На террасе она села в одно из плетеных кресел, которые так любила мать. Джонни остановился рядом. Над ними раскинул ветки клен. Алые, оранжевые и лимонно-желтые листья усеивали веранду; несколько листьев прилипли к перилам. Сколько раз Джонни и Кейти сидели здесь вечером, уложив детей спать? Ночь надвигалась на них, в вышине над ними мерцали звезды, и они слушали друг друга и шелест волн.
Джонни отогнал воспоминания и сел в кресло рядом с дочерью. Старое, посеревшее кресло скрипнуло под его весом.
– Я дала интервью журналу «Стар», – тихо сказала Мара. – Сообщила им, что Талли наркоманка и алкоголичка. Они заплатили мне восемьсот пятьдесят долларов. Статья вышла на прошлой неделе. Я видела журнал в квартире Талли. Она читала его перед тем, как сесть в машину.
Джонни сделал глубокий вдох и медленно выдохнул. Потом сказал про себя: «Помоги мне, Кейт». Убедившись, что владеет голосом, он заговорил:
– Вот, значит, что ты имела в виду, когда говорила, что это твоя вина.
Мара повернулась к нему. От ее страдающего взгляда у него разрывалось сердце.
– Это все из-за меня, пап!
Джонни посмотрел на дочь.
– После смерти мамы мы отдалились друг от друга, – сказал он. – Я виноват. Находиться рядом с Талли было слишком тяжело, и я отошел в сторону. Нет, черт возьми – сбежал. Ты не единственная, кто ее обидел.
– Мне от этого не легче, – упавшим голосом возразила Мара.

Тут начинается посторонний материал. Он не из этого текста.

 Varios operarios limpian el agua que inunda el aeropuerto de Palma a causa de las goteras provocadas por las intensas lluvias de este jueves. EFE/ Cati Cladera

– Я тысячу раз думал о том дне в твоей комнате, в общежитии, – тихо сказал Джонни. – Я был не прав, что устроил такой скандал. И отдал бы все, чтобы время повернуть вспять. И тогда я сказал бы тебе, что я все равно люблю тебя, какой бы выбор ты ни сделала, что всегда буду любить, и ты всегда можешь на меня рассчитывать.
– Мне это было так нужно. – Мара торопливо смахнула слезы.
– И я виноват перед Талли. Я был не прав, обвиняя ее.
Мара молча кивнула.
Джонни вспоминал все ошибки, которые совершил в отношении своей дочери, все случаи, когда уходил, вместо того чтобы остаться, когда молчал, вместо того чтобы говорить. Все промахи занятого отца-одиночки.
– Ты меня простишь?
Мара не отрывала от него взгляда.
– Я люблю тебя, папа, – сказала она.
– Я тоже тебя люблю, детка.
Улыбка у Мары получилась не слишком веселой.
– А как насчет Талли? Наверное, она думает…
– Что бы ты сказала ей прямо сейчас?
– Как сильно я ее люблю. Но у меня не будет такой возможности.
– Будет. Ты все скажешь ей, когда она очнется.
– Знаешь, в последнее время я не очень верю в чудеса.
Джонни едва сдержался, чтобы не сказать: «Как и мы все».
– Маме бы это очень не понравилось. Она ответила бы, что все идет своим чередом и что ты не должна терять надежду, пока это возможно…
– И потом тоже продолжать верить, – тихо закончила Мара.
На мгновение – такое короткое и такое прекрасное – ему показалось, что Кейт здесь, рядом. Листья шелестели у них над головой.
– Я хочу увидеться с доктором Блум, если ты не против.
Джонни поднял голову и увидел, как раскачивается стеклянная банка со свечой. Спасибо, Кейти.
– Я запишу тебя на прием.
За день до того, как Талли должны были выписать домой, Райаны и Муларки высадились у дома на улице Светлячков, как команда профессиональных уборщиков. Дороти никогда не видела, чтобы люди трудились с таким усердием и так слаженно.